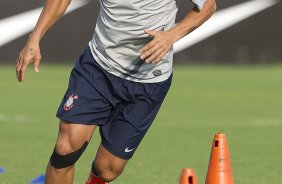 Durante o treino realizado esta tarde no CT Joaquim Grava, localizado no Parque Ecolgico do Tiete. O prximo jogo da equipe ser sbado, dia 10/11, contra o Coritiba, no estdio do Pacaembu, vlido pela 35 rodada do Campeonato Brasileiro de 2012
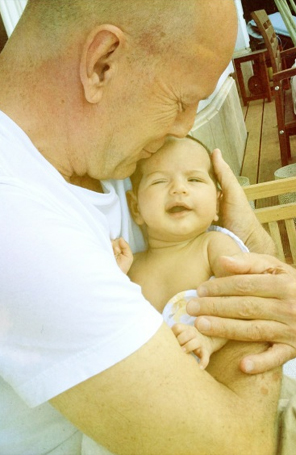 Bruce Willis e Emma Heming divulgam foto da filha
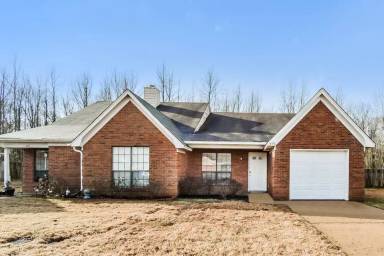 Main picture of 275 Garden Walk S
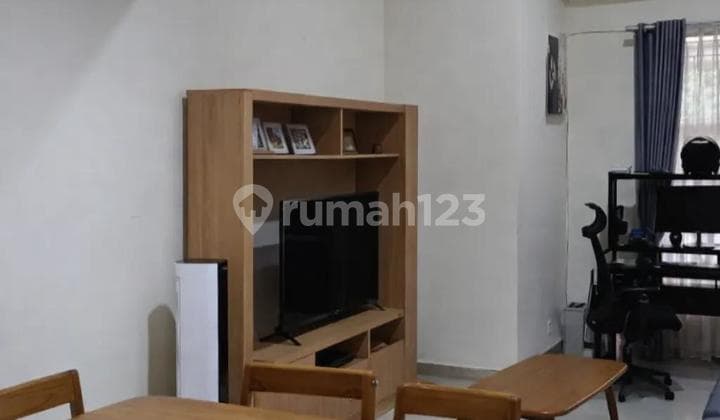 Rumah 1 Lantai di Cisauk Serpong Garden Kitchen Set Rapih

PROMPT = Every line above should be returned exactly; the pictures stay out.

EXPECTED OUTPUT =
 Durante o treino realizado esta tarde no CT Joaquim Grava, localizado no Parque Ecolgico do Tiete. O prximo jogo da equipe ser sbado, dia 10/11, contra o Coritiba, no estdio do Pacaembu, vlido pela 35 rodada do Campeonato Brasileiro de 2012
 Bruce Willis e Emma Heming divulgam foto da filha
 Main picture of 275 Garden Walk S
 Rumah 1 Lantai di Cisauk Serpong Garden Kitchen Set Rapih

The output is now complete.